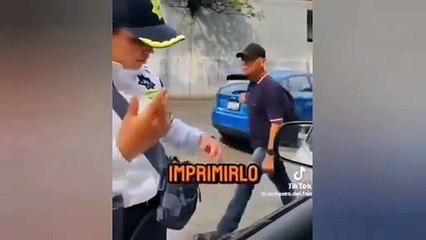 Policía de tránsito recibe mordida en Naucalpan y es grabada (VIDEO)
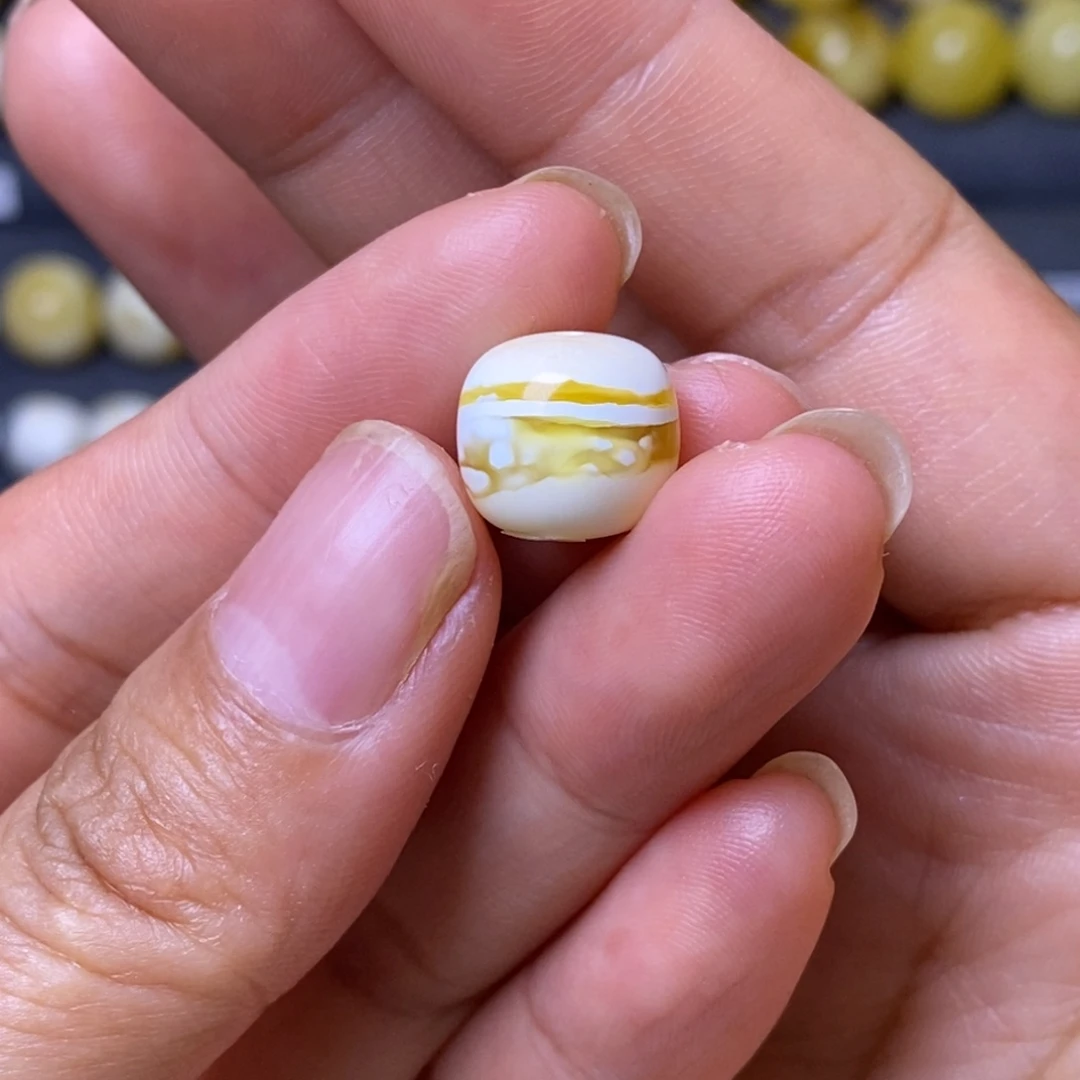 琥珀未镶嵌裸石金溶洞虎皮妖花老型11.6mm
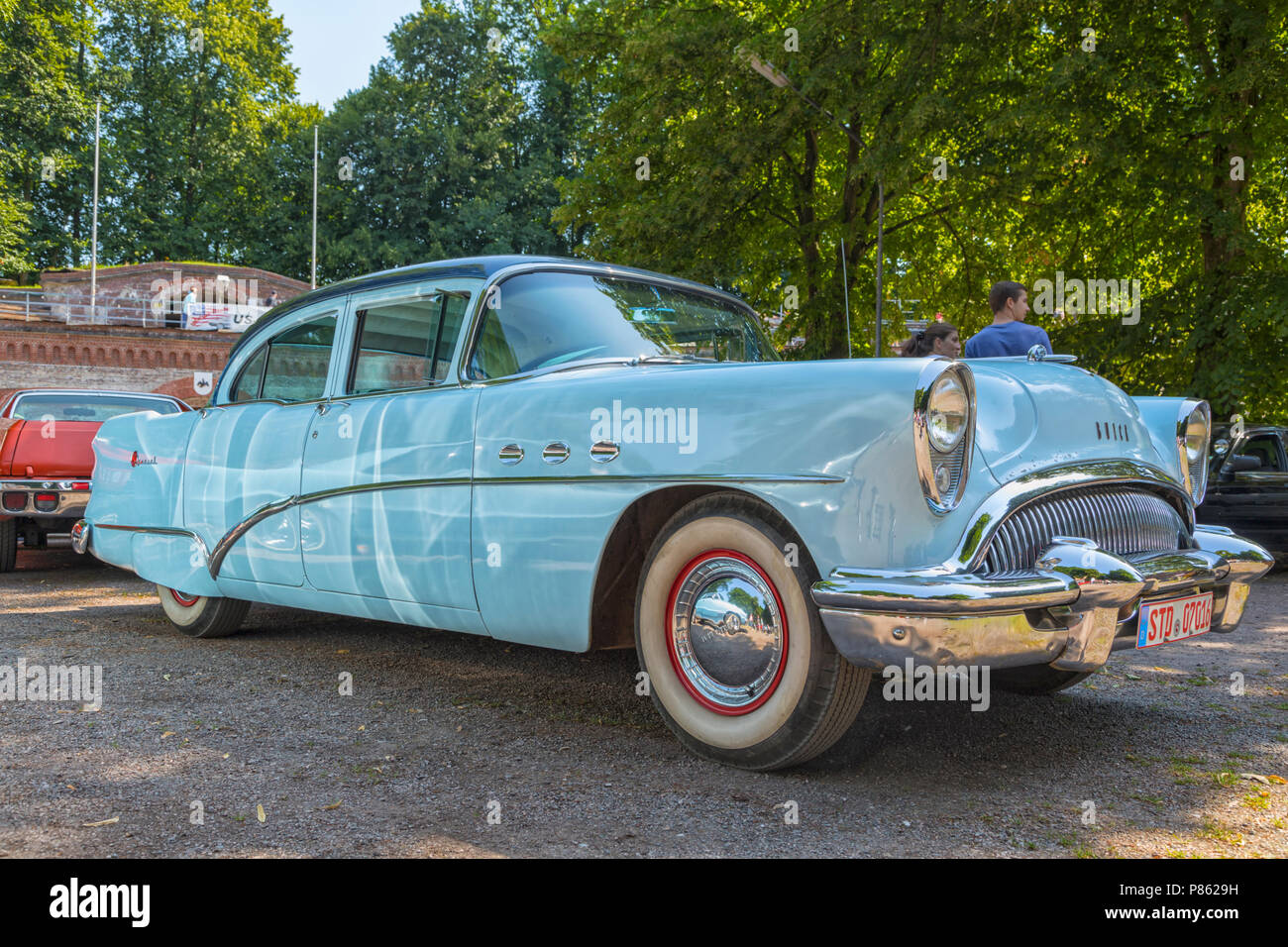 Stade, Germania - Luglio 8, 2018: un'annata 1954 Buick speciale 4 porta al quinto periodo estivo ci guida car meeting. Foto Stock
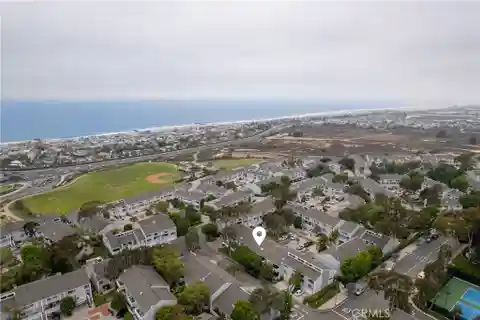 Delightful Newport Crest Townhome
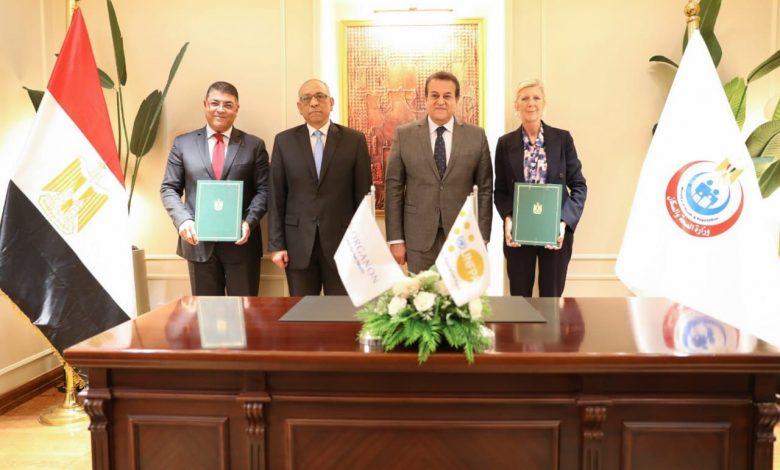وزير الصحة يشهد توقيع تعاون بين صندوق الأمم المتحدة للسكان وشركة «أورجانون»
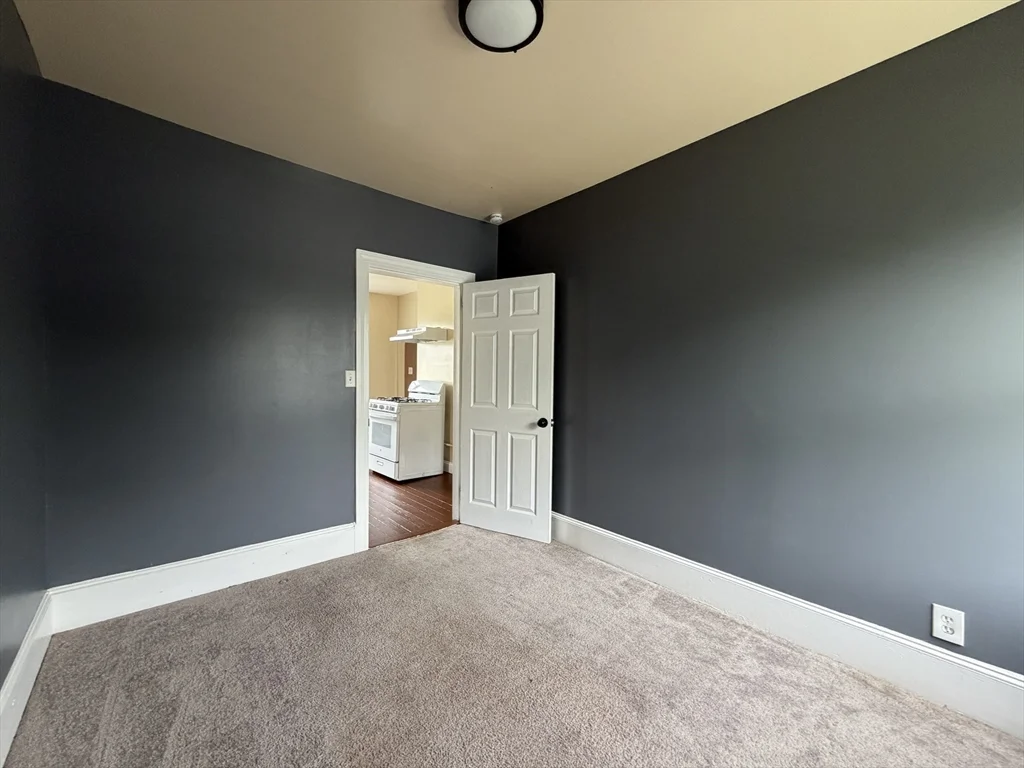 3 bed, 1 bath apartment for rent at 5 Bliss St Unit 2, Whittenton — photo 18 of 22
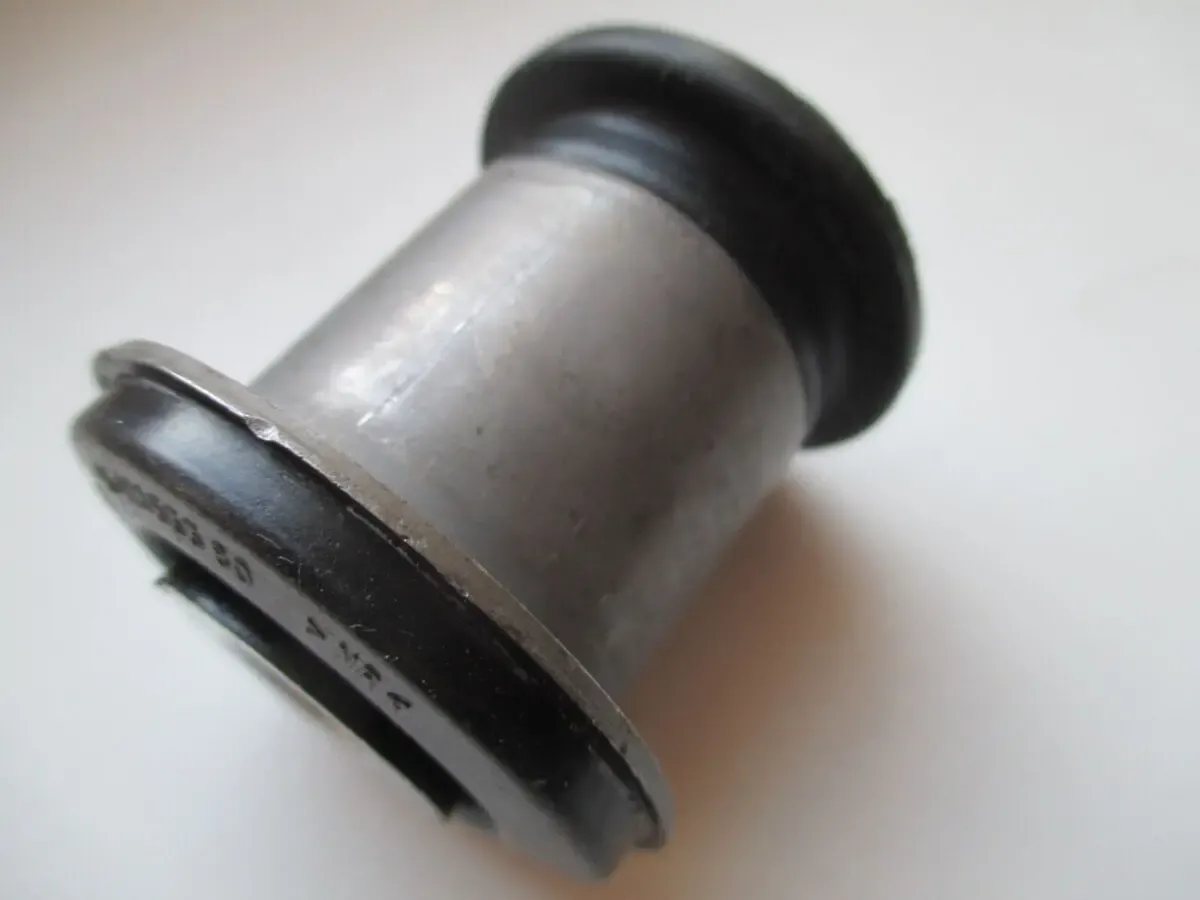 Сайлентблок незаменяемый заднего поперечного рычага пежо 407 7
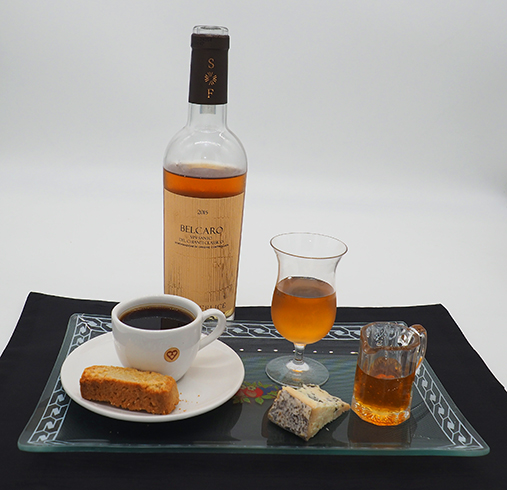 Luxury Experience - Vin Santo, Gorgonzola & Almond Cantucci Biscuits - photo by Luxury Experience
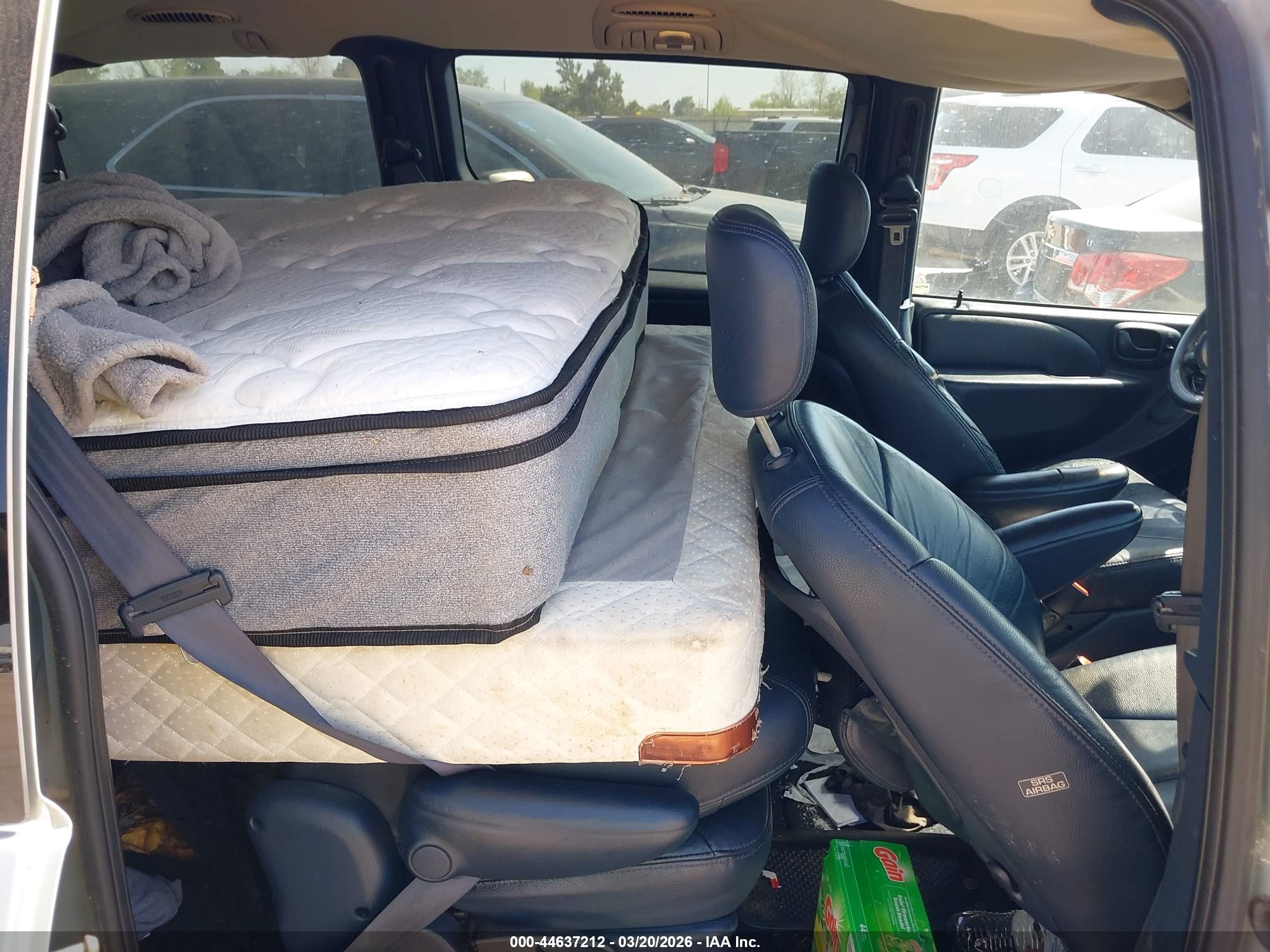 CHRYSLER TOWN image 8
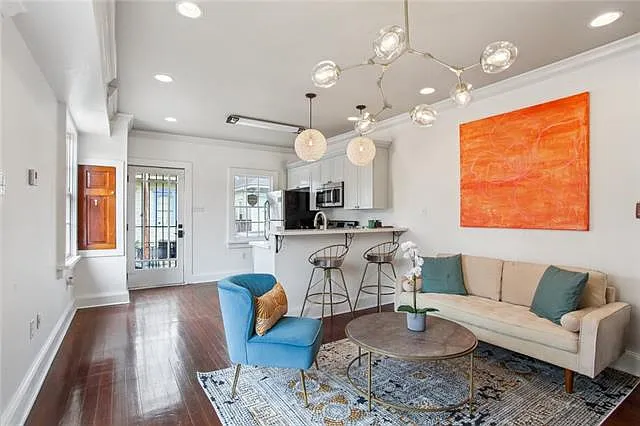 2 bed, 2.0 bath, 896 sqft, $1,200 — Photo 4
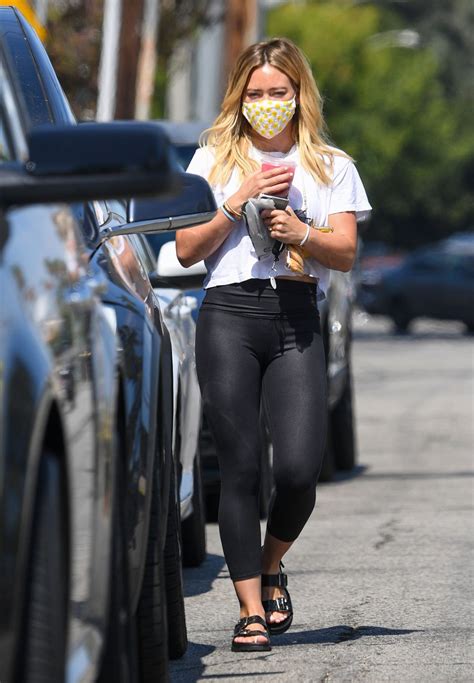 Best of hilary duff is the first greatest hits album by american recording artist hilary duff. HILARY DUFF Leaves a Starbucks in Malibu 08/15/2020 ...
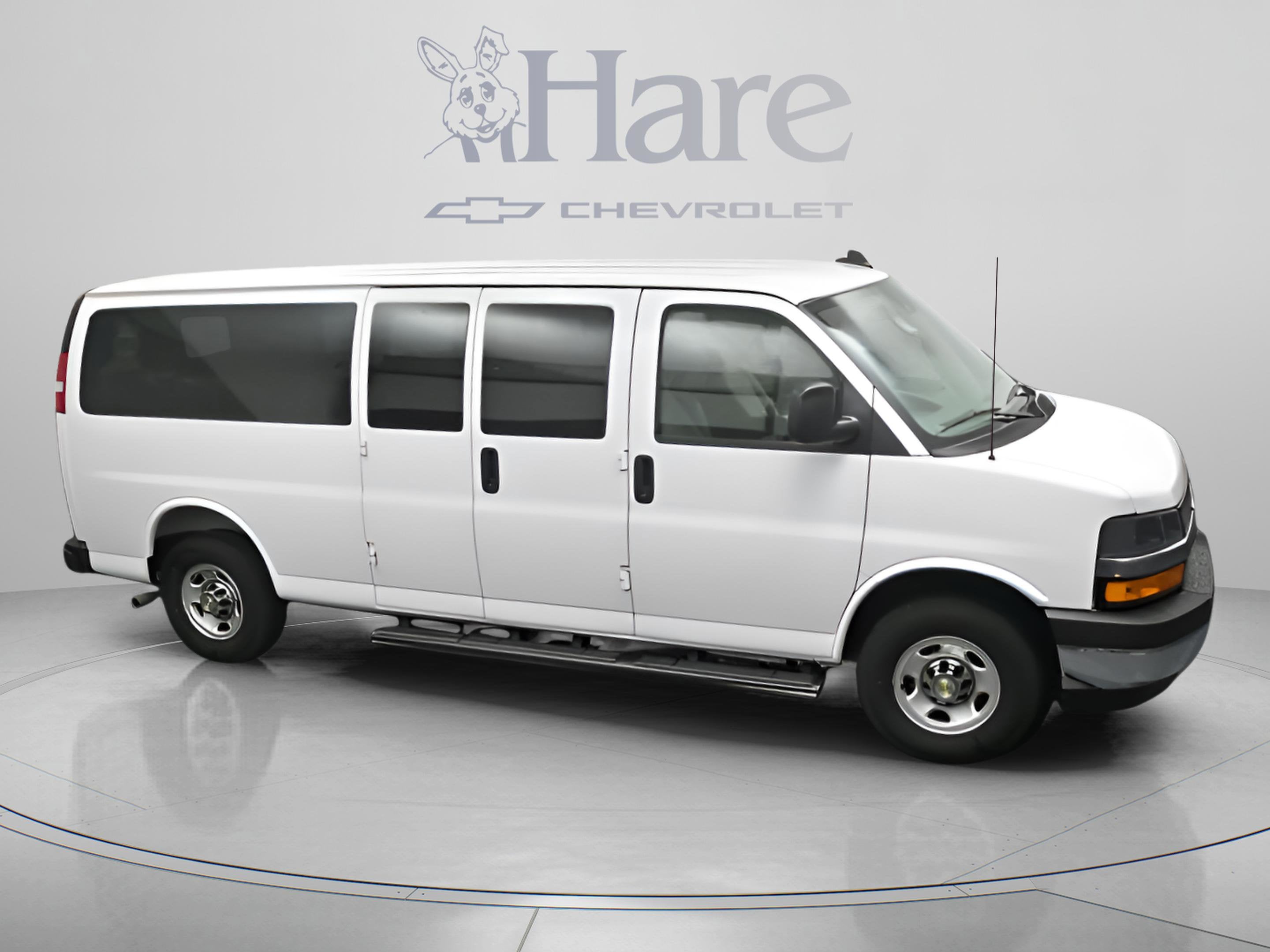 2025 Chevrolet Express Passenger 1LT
====
Set down the line containing "CHRYSLER TOWN image 8" and every line after it up to the end of the material, exactly as written, but not the pictures.

- Exercise answer -
 CHRYSLER TOWN image 8
 2 bed, 2.0 bath, 896 sqft, $1,200 — Photo 4
 Best of hilary duff is the first greatest hits album by american recording artist hilary duff. HILARY DUFF Leaves a Starbucks in Malibu 08/15/2020 ...
 2025 Chevrolet Express Passenger 1LT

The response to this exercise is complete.